An audio version of this story can be heard on Episode 3 of Slack’s podcast Work in Progress, a new show about the meaning and identity we find in work.
“I used to be a war crimes lawyer in the Hague before I decided it was time to get serious.”
This is how Jess Salomon usually responds when people ask why on earth she left her job as a human rights attorney to become, of all things, a standup comedian. It is, after all, no one’s idea of a typical career progression. But to Salomon, the connection between social justice and comedy became clear at her most difficult hour, as a way to be an advocate for others while discovering a new part of herself.
In 2002, Salomon landed a dream job for any young, idealistic human rights lawyer — working for the United Nations War Crimes Tribunal in the Hague as it tried Serbian despot Slobodan Miljković and his deputies from the former Yugoslavia for the ethnic cleansing of Bosnian Muslims and Croatians.
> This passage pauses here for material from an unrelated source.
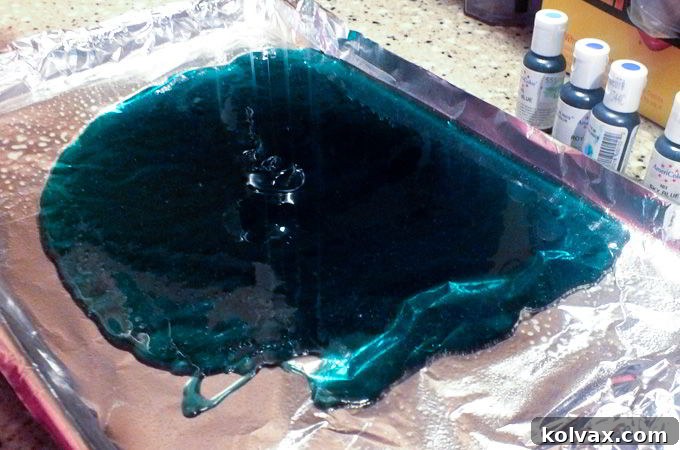 Pouring the tinted hard candy mixture carefully onto a foil-lined cookie sheet to cool and harden, creating a flat sheet of candy.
It was everything she had wanted to do with her life, until she discovered that the court system could only do so much for the victims.
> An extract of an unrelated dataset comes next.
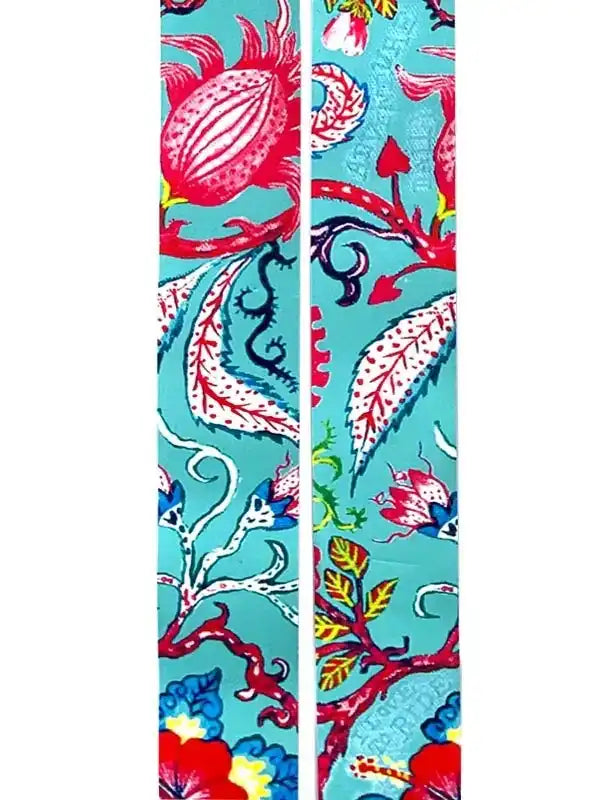 Vibrant floral cycling jersey fabric with bold red, blue, and teal botanical print for men's and women's bike wear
“The courtroom isn’t a place for somebody to tell their whole story, which is I think what they needed to do and what they were coming to do and what they thought was the point,” says Salomon. She began to think about what she could do to have a positive impact on the world outside of the law, but had put so much of herself into getting where she was that nothing else made sense.
But then she met some lawyers and jurists whose approach to dealing with the horrifying daily accounts of atrocities and suffering resonated with her.
“Humor in a dark context is a kind of a coping mechanism,” she says. “Certainly not everybody, but for sure the people that I gravitated towards, my friends, all had very dark senses of humor. Because these accused war criminals were big characters — when they came to the tribunal they were a source of a lot of the, I guess the gallows humor behind the scenes.” The defendants, she says, would go to such lengths to obstruct the process that it became almost an absurd play that was impossible not to laugh at and criticize with dark comedy.
Around the same time, The Daily Show was gaining an important place in the political landscape, with a lot of younger people using it as their primary source of news.
“I just started to see this place for comedy as advocacy, says Salomon. “A switch just went off, where I thought oh, maybe there’s another way to advocate for the things that I believe in where I am not buried under a bunch of papers in the basement of a war crimes tribunal.”
With no experience in performance of any kind, and not a lot of encouragement from bewildered family and friends, Salomon decided to take the leap into standup.
“I felt internally that it was something that I could do,” she says. “At least I felt that of all of the arts, writing comedy and performing standup to me made the most sense because it was talking and in a way building arguments around certain ideas and premises. I felt that I had the potential to be funny.”
When Salomon left the Hague, she tried a number of ways into the comedy world. She wrote a sitcom pilot about a war crimes tribunal in the style of The Office, and took a stand-up comedy class. Soon she started doing open mics.
“I didn’t know who I was or what I was doing,” she says. “It just takes a long time. You don’t become Jon Stewart so quickly. I relied a lot on sexual and shock humor as most new comedians do.”
Her background as a war crimes lawyer stoked people’s curiosity, but honing her act took longer. She turned her focus to social justice issues that she could relate to personally, like feminism, identity, and LGBT rights. Now writing and performing full time, Salomon has performed at numerous festivals and keeps a busy touring schedule.
But the human rights lawyer in her is still always there. Her act features dark jokes about being Jewish and learning about the Holocaust as a child, and brings attention to the fact that she is married to a Palestinian woman.
“We had a very tiny wedding, it was really small,” she says in one of her bits. “It was just me, her, and a U.N. peacekeeper.”